Ce nouveau style indochinois, né en contexte colonial, sera le creuset de l’émergence de la figure de l’artiste, individu libre dans sa création et ses idées. Les professeurs de l’École des Beaux Arts de l’Indochine (EBAI) sont les lauréats du Prix d’Indochine, nommés pour un an à Hanoï. L’enseignement s’articule sur un cycle de trois ans, puis de cinq ans et, après la section peinture, s’ouvrent la sculpture, les arts décoratifs et l’architecture. Les élèves travaillent en atelier le matin et suivent des cours théoriques l’après-midi. Tardieu impose l’étude de l’histoire de l’art occidental durant la première année et l’histoire de l’art d’Extrême-Orient pour les deux suivantes.
Joseph Inguimberty (1896-1971), professeur moins académique que Tardieu, encouragea ses étudiants à expérimenter la peinture sur laque. Suite à son enseignement, des artistes comme Trần Văn Cẩn (1910-1994) ou Nguyễn Gia Trí (1908-1993), tous deux diplômés de l’EBAI, deviennent des artistes reconnus et ce dernier, en particulier, rechercha les mêmes effets que ceux obtenus avec la peinture à l’huile.

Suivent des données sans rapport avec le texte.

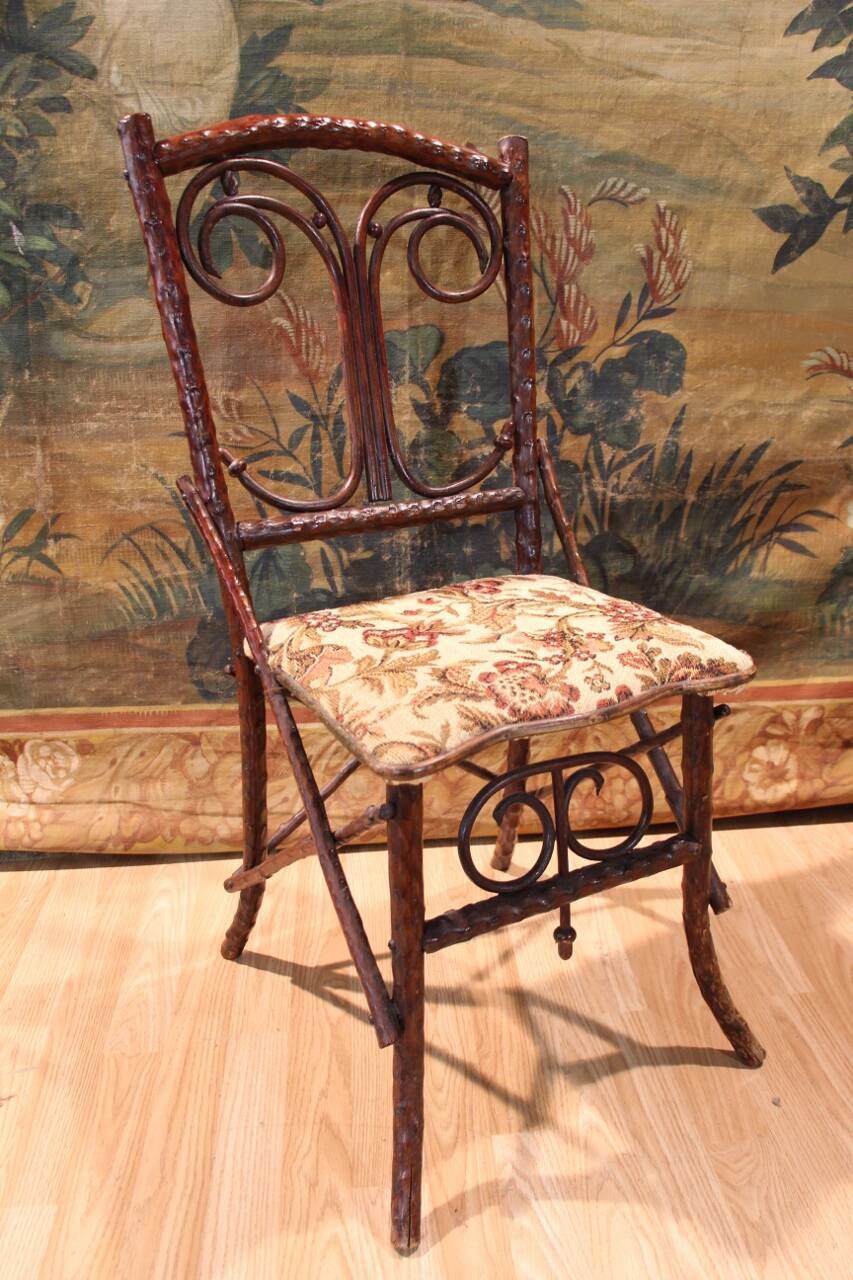 Folk art chair, black forest in branches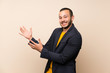 © luismolinero - Colombian man over isolated background extending hands to the side for inviting to come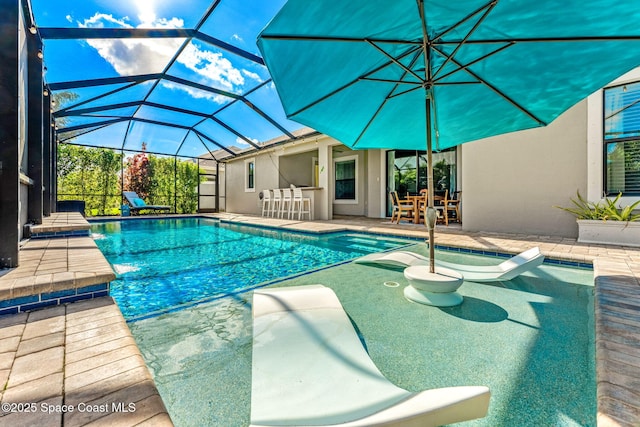 outdoor pool featuring a patio and glass enclosure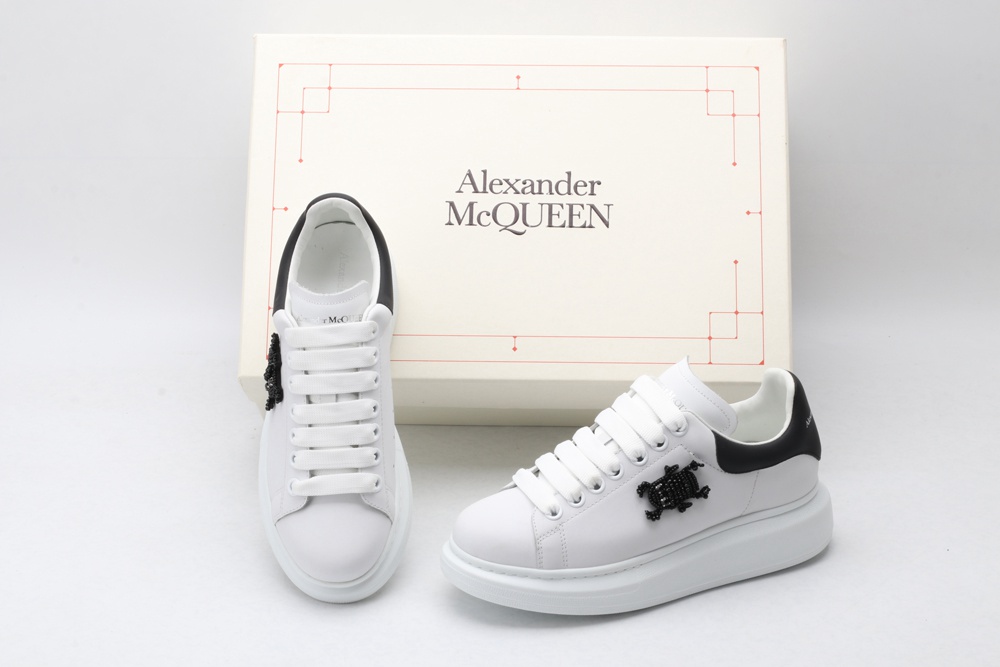 AMQ white oversized sneakers with black heel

Lê Phổ (1907-2001), Vũ Cao Đàm (1908-2000) et Mai Trung Thứ (1906-1980), tous trois diplômés de la première et seconde promotion de «l’École des Beaux-Arts de l’Indochine» de Hanoï, décident de quitter le Vietnam en 1937, à l’occasion de l’Exposition Universelle de Paris et poursuivent une carrière internationale.
Évariste Jonchère (1892-1956) est nommé directeur de l’EBAI en 1938. Son action au sein de l’école crée une symbiose entre l’art occidental et ses techniques et celui de l’Extrême-Orient. Sous son impulsion la Coopérative des Artistes Indochinois est créée, en 1938, par un groupement d’anciens élèves de l’EBAI pour développer les arts populaires en Indochine. La Coopérative organise des expositions aussi bien au Vietnam qu’à l’étranger. Le gouvernement colonial, n’étant pas en reste, organise aussi des expositions en 1940 et 1943.
Après le bombardement de Hanoï en 1943 par les américains, l’EBAI déménage sur trois sites différents et, à partir de 1945, le programme est allégé. Le 2 septembre 1945, la République Démocratique du Viêtnam est proclamée par Hồ Chí Minh et, le 8 octobre de la même année, l’École des Beaux-Arts de la Résistance remplace l’EBAI. Après la défaite de Điện Biên Phủ, en 1954, l’École Supérieure des Beaux-Arts de Hanoï propose un cursus de deux ou trois ans qui passe à sept ans à partir de 1960 et Trần Văn Cẩn en devient le directeur.
En 1946, lors du déplacement de l’école d’art dans les collines de Việt Bắc, siège du gouvernement révolutionnaire, Hồ Chí Minh déclarait que «l’art tel qu’il est vu par les Français est mort en 1945 et renaît en 1946».
Il n’en demeure pas moins que l’héritage des artistes vietnamien est bien celui qui mêle tradition et modernisme, techniques ancestrales et contemporaines, Orient et Occident.